§ **Problem requirements**
Copy the data exactly, pictures aside.

§ **Given data**

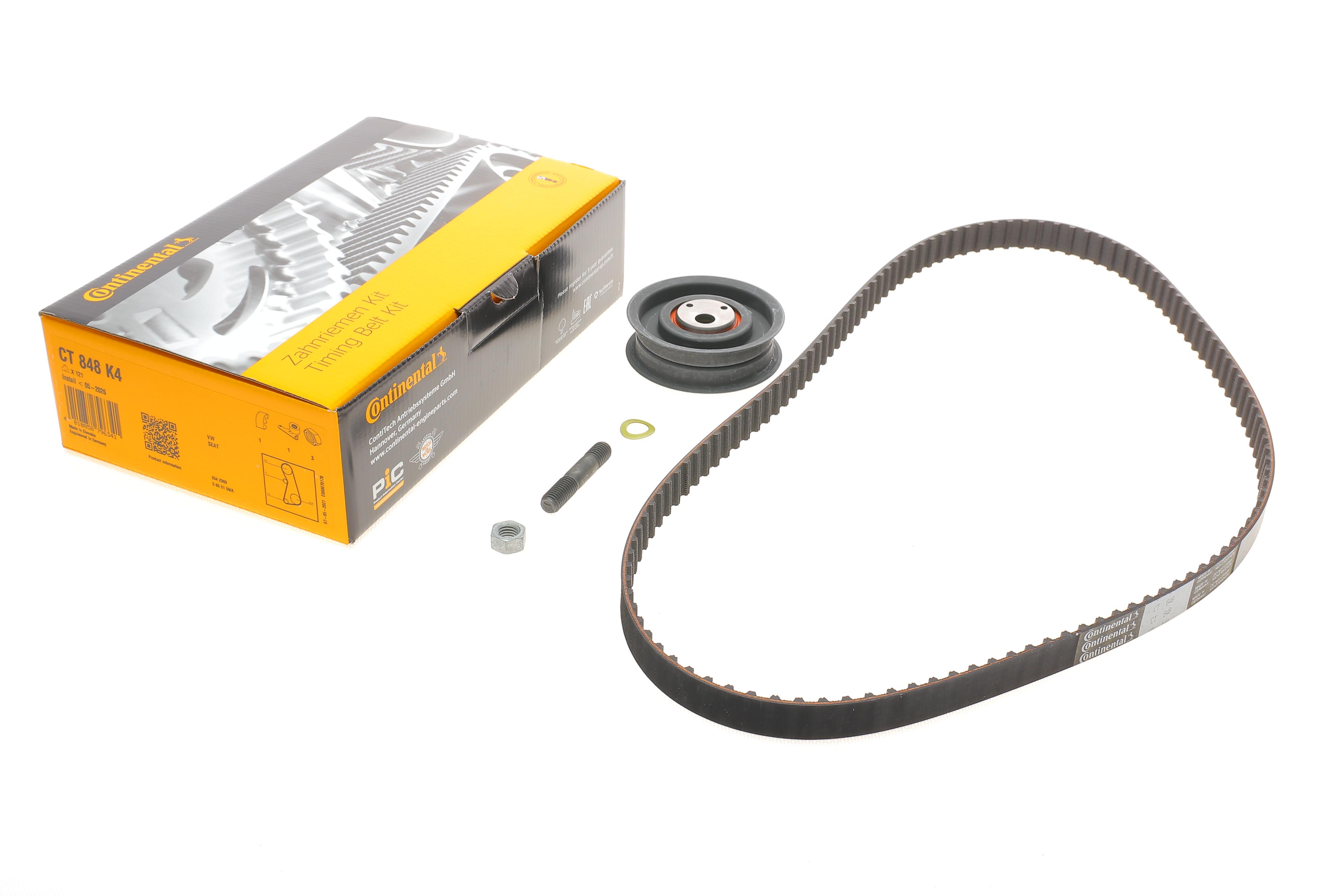 Комплект ГРМ VW Caddy/T4/LT 1.6-2.0 91-01 (18x121z)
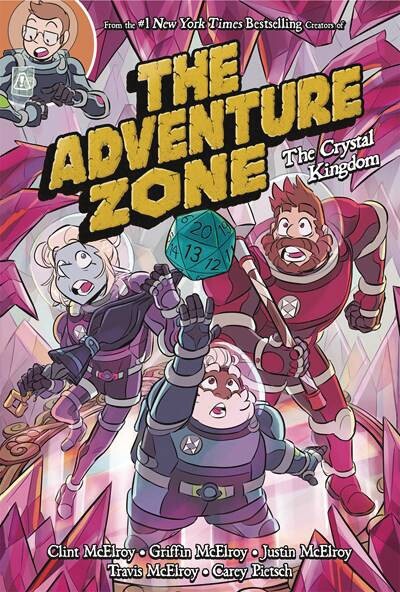 The Adventure Zone: The Cry...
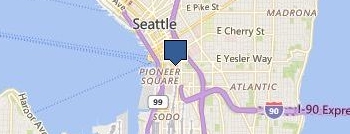 Hopkins Design Studio and Flooring location map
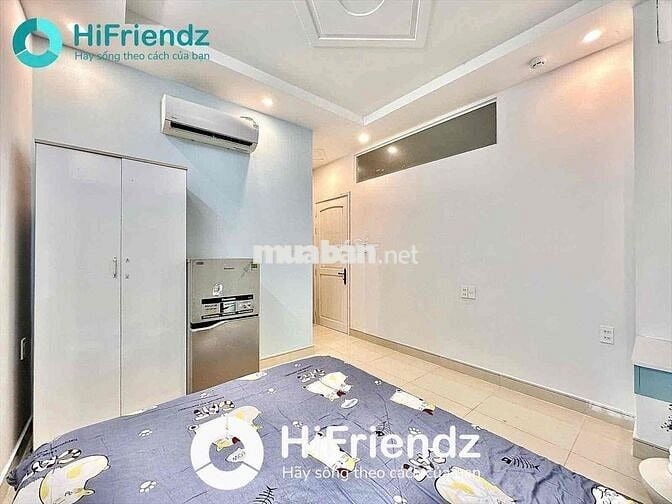 🌸Căn hộ dịch vụ - STUDIO  nội thất xịn xò - ĐH Công Thương🌸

§ **Completed exercise**
 Комплект ГРМ VW Caddy/T4/LT 1.6-2.0 91-01 (18x121z)
 The Adventure Zone: The Cry...
 Hopkins Design Studio and Flooring location map
 🌸Căn hộ dịch vụ - STUDIO  nội thất xịn xò - ĐH Công Thương🌸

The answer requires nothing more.